La Relazione annuale della Banca d’Italia ha messo in rilievo anche la situazione del lavoro irregolare. Con la crisi è ripreso in questi anni il lavoro nero, anche per un generale effetto di “trascinamento” che ha peggiorato le posizioni lavorative più deboli e meno tutelate. In verità, secondo i ricercatori, la quota di lavoratori irregolari è rimasta la stessa, ma risulta aumentata in percentuale perché nel frattempo è calata la quota di lavoratori regolari. Resta il fatto che l’Italia difficilmente può uscire dalla crisi se non affronta il problema della consistente quota di economia e lavoro sommersi, che non può determinare reali fattori di crescita e che sembra sfuggire ad ogni possibile intervento a favore dell’occupazione e delll’attività di impresa.
Secondo la Banca d’Italia i lavoratori irregolari in Italia sono circa tre milioni, un numero di poco superiore a quello dei disoccupati. La presenza di lavoro sommerso e irregolare, per due terzi, si registra nei servizi, con una particolare incidenza nel commercio, negli alberghi e nei ristoranti: corrisponde al 18 per cento delle persone che operano nel comparto, pari a oltre un milione. Il dato è superiore se si considerano le unità di lavoro, essendo frequenti casi di “doppio lavoro” in nero di persone regolarmente assunte.
Allarmante è la composizione strutturale dell’occupazione agricola, dove risulta irregolare il 37 per cento delle persone, più di una su tre.

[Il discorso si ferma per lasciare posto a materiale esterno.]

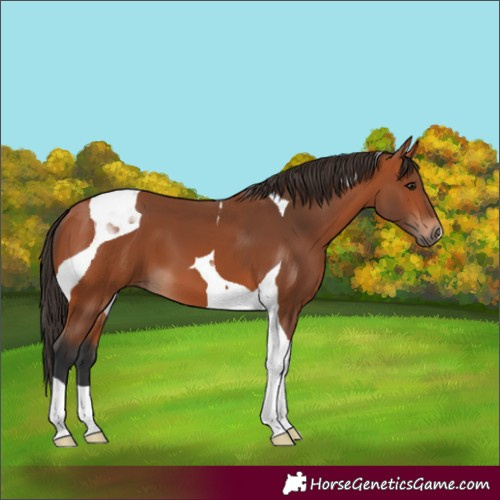 Horse Color:Bay Tobiano 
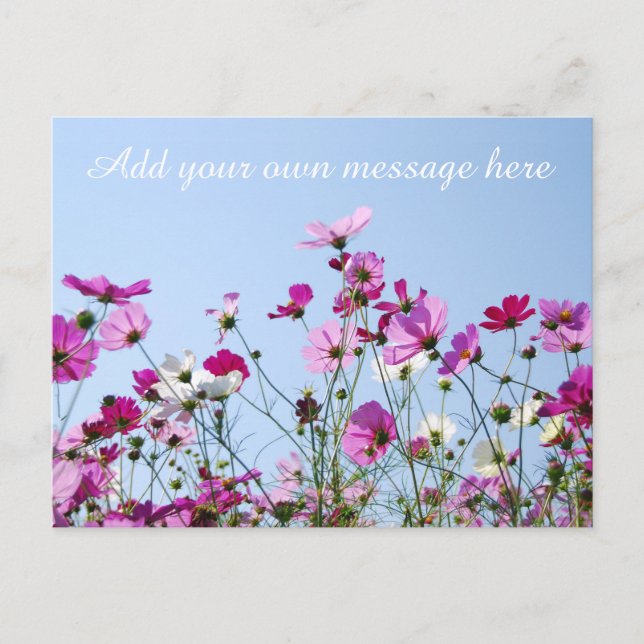 Postal Pretty Pink Meadow Custom Message (Anverso)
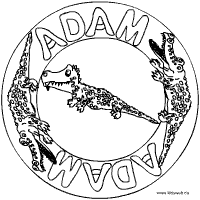 Adam Mandala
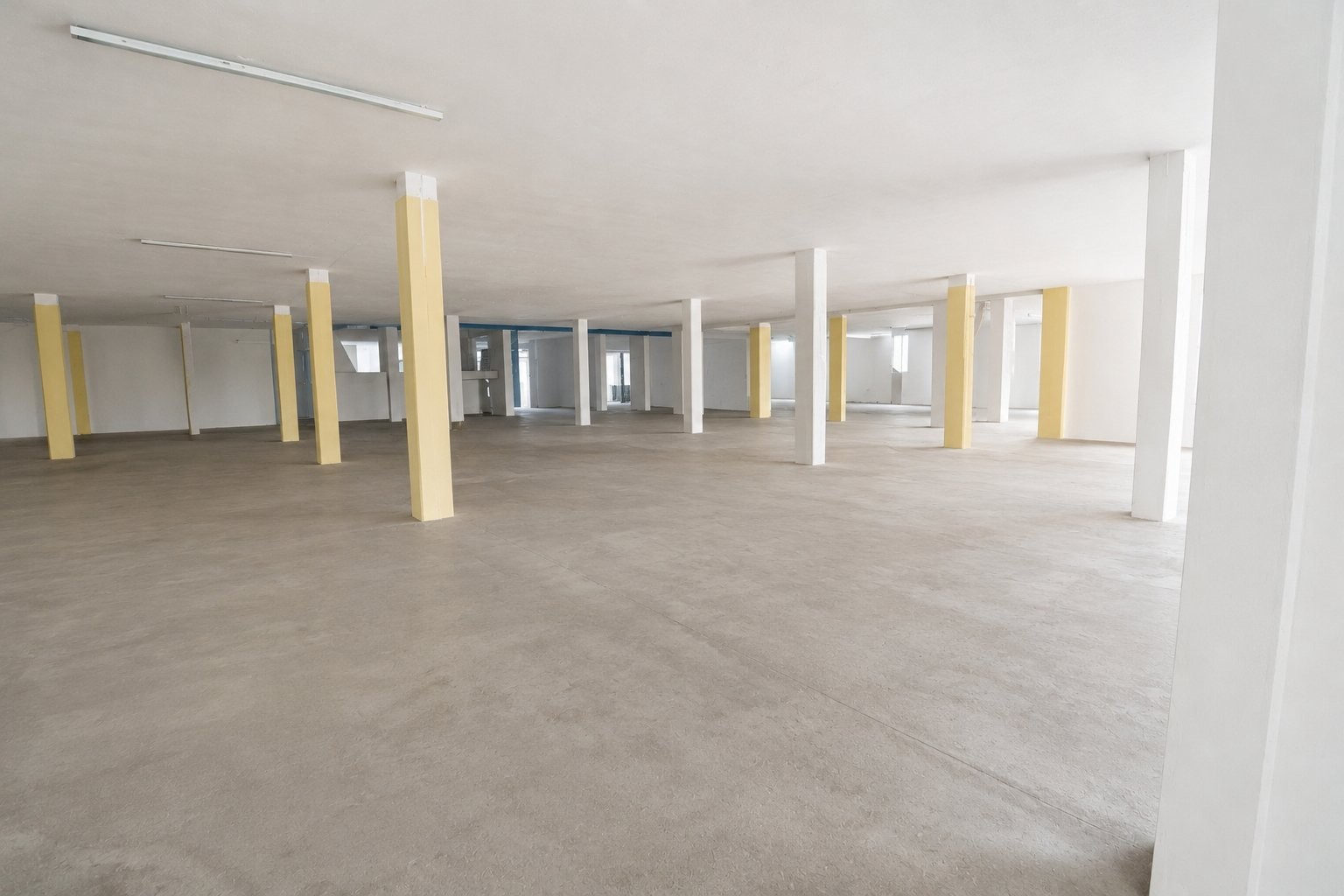 Commercial Property for rent in Dunvegan, Edenvale, 2442 m²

Nell’industria il fenomeno appare meno grave (6,6 per cento) ed è diffuso soprattutto in edilizia (11,3 per cento). Colpisce in generale i lavoratori dipendenti, 13 per cento, più che gli indipendenti, 10 per cento. Nonostante i provvedimenti presi dai diversi governi, la galassia del lavoro nero, dalla semplice irregolarità al sommerso totale, resta una piaga endemica del nostro Paese che la crisi rende ancora più difficile da debellare.